GIVEN RECORDS: Begin

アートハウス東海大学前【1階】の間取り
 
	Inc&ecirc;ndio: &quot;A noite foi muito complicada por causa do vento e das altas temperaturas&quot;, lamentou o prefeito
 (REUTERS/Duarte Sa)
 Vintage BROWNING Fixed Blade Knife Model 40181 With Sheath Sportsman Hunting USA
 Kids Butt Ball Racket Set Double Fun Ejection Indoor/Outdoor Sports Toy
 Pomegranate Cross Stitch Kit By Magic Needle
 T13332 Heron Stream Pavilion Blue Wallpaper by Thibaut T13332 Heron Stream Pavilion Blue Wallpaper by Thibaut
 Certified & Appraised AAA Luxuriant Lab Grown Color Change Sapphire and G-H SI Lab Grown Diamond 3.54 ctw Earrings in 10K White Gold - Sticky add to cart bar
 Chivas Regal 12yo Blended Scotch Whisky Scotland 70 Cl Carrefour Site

GIVEN RECORDS: End

TASK GOAL —
Retype every entry, keeping each character as it was.

ANSWER TO THE PROBLEM —
アートハウス東海大学前【1階】の間取り
 
	Inc&ecirc;ndio: &quot;A noite foi muito complicada por causa do vento e das altas temperaturas&quot;, lamentou o prefeito
 (REUTERS/Duarte Sa)
 Vintage BROWNING Fixed Blade Knife Model 40181 With Sheath Sportsman Hunting USA
 Kids Butt Ball Racket Set Double Fun Ejection Indoor/Outdoor Sports Toy
 Pomegranate Cross Stitch Kit By Magic Needle
 T13332 Heron Stream Pavilion Blue Wallpaper by Thibaut T13332 Heron Stream Pavilion Blue Wallpaper by Thibaut
 Certified & Appraised AAA Luxuriant Lab Grown Color Change Sapphire and G-H SI Lab Grown Diamond 3.54 ctw Earrings in 10K White Gold - Sticky add to cart bar
 Chivas Regal 12yo Blended Scotch Whisky Scotland 70 Cl Carrefour Site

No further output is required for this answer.